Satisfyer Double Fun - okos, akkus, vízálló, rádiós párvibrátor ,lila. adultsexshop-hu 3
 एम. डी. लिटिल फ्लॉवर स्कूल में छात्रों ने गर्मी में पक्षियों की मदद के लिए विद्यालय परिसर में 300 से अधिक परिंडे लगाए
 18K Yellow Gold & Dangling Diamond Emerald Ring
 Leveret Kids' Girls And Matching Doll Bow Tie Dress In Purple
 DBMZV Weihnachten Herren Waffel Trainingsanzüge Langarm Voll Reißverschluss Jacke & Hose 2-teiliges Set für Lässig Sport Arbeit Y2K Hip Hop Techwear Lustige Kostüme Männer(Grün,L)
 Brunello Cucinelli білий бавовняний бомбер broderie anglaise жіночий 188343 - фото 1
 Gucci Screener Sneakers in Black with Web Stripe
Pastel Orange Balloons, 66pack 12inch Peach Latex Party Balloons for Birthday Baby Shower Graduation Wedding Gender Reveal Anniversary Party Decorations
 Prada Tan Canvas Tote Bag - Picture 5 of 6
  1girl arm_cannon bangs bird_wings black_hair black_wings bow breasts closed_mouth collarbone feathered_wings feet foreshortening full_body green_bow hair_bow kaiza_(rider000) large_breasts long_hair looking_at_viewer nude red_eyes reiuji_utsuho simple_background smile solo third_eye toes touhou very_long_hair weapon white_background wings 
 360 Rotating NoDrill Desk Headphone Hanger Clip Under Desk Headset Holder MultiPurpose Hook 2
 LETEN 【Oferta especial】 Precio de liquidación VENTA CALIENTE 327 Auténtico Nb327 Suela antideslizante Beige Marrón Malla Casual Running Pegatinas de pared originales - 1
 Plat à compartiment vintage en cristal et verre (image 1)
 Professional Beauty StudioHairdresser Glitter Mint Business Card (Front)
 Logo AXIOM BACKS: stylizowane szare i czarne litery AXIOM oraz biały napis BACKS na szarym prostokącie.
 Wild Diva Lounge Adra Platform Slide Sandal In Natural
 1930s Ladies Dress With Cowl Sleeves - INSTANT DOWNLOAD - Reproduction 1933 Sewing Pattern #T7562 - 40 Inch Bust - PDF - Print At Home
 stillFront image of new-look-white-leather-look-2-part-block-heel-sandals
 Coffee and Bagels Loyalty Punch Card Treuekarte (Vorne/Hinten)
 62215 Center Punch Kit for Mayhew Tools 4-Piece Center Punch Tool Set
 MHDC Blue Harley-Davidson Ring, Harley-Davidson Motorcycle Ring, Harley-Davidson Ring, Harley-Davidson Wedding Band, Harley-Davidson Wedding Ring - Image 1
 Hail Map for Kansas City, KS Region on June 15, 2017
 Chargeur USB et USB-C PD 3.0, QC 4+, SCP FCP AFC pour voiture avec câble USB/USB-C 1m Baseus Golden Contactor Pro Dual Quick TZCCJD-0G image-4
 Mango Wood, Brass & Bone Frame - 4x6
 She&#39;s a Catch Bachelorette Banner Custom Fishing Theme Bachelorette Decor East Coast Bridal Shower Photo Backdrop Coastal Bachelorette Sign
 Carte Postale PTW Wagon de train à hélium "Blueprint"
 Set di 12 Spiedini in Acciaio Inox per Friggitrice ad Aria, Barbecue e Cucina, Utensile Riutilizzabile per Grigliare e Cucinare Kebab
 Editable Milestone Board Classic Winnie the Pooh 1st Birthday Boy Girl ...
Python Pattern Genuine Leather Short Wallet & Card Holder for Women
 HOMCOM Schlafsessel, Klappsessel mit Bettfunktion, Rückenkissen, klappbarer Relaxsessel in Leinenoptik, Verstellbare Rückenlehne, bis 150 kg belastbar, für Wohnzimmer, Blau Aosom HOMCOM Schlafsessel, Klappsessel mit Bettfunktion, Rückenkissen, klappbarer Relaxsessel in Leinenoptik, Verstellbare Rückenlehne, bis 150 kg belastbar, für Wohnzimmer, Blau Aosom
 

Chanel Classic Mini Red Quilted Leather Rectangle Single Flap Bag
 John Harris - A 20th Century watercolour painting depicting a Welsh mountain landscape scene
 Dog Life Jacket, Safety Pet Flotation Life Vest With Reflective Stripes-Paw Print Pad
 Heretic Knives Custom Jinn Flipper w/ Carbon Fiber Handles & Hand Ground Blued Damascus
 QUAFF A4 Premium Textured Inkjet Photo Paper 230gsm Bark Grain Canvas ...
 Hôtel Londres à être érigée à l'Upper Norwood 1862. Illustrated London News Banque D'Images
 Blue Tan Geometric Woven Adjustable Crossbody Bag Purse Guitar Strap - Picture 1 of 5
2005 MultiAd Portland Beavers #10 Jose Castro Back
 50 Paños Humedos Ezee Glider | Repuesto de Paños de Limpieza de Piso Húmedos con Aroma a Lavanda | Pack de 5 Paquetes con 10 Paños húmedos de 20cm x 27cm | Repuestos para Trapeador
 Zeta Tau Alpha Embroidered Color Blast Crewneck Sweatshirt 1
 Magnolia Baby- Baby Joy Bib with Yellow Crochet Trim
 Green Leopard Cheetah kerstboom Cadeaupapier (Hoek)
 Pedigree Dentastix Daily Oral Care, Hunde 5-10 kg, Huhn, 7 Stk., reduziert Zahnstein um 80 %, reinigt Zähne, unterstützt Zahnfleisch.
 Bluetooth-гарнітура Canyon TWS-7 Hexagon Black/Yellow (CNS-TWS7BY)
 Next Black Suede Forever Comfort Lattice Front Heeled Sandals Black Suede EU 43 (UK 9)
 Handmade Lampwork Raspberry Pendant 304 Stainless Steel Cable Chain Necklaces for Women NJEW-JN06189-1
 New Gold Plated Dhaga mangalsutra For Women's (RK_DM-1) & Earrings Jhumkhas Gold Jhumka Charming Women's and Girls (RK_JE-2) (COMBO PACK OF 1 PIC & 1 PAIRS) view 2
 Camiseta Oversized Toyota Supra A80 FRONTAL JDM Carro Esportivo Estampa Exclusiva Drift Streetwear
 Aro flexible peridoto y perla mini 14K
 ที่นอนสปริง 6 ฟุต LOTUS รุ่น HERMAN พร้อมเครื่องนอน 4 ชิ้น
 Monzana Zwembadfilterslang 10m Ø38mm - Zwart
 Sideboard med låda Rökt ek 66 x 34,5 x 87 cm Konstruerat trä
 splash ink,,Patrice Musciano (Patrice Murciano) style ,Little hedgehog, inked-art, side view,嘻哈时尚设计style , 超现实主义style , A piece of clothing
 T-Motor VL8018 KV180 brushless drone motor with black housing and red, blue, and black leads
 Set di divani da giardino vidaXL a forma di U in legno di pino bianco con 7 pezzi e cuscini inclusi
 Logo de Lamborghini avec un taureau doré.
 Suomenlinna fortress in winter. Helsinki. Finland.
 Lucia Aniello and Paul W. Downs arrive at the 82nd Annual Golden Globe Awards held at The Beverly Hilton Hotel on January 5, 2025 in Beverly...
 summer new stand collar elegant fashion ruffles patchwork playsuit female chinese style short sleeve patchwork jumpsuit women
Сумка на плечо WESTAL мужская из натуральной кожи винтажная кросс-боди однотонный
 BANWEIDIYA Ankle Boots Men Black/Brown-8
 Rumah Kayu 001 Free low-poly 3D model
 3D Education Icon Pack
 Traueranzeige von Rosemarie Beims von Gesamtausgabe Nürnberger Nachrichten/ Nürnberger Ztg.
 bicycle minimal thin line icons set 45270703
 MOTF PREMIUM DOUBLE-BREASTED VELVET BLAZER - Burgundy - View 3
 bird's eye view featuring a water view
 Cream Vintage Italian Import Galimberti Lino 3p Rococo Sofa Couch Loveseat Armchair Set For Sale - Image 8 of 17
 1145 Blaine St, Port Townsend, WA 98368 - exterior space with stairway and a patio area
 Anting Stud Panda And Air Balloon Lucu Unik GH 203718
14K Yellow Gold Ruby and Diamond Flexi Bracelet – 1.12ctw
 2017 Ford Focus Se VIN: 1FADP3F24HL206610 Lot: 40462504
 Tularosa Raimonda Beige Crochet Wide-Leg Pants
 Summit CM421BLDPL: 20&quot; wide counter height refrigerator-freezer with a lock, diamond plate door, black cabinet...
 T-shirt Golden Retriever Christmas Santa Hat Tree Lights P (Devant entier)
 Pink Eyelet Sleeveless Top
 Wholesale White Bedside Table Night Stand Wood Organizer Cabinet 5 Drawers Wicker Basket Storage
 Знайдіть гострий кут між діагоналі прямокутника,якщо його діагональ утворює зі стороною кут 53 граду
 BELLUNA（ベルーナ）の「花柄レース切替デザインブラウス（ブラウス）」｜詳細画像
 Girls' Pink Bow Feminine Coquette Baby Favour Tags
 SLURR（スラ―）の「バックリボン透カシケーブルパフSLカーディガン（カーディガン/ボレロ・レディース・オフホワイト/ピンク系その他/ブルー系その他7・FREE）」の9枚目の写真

Task to complete: From the data above, report how many lines include the string "Birthday". The number alone will do.

Response box: 2